# Is $\lim_{n \rightarrow \infty} \sum_{k = 1}^\infty \frac{(1-\epsilon(n))^k}{k}$ Finite When $\epsilon(n) \rightarrow 0$?

Consider the sum $$\sum_{k = 1}^\infty \frac{(1-\epsilon)^k}{k}$$ with $\epsilon \in (0,1)$. One can show (by the ratio test, for example) that the sum is finite.

Now, let $\epsilon(n)$ tend to $0$ as $n$ tends toward infinity. What can be said about the limit $$\lim_{n \rightarrow \infty} \sum_{k = 1}^\infty \frac{(1-\epsilon(n))^k}{k}?$$ Does it exist? Is it finite?

The only approach I know would be to find a closed form for $$f(n) = \sum_{k = 1}^\infty \frac{(1-\epsilon(n))^k}{k}$$ in terms of $\epsilon(n)$ and inspect the limit, but I cannot make any progress on this front.

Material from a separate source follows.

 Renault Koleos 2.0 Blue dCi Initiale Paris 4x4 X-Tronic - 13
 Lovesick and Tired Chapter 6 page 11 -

Recall the Taylor series of $\ln(1-x)$ at $0$: $$\ln(1-x)=-\sum_{k=1}^{+\infty}\frac{x^k}{k}\qquad \forall -1\leq x<1.$$
Hence $$\sum_{k=1}^{+\infty}\frac{(1-\epsilon(n))^k}{k}=-\ln \epsilon(n)\longrightarrow +\infty.$$
For the closed form, note that $\dfrac{1}{1-t}=1+t+t^2+t^3+\cdots$ and integrate term by term from $0$ to $x$, where $x$ in your case is $1-\epsilon$.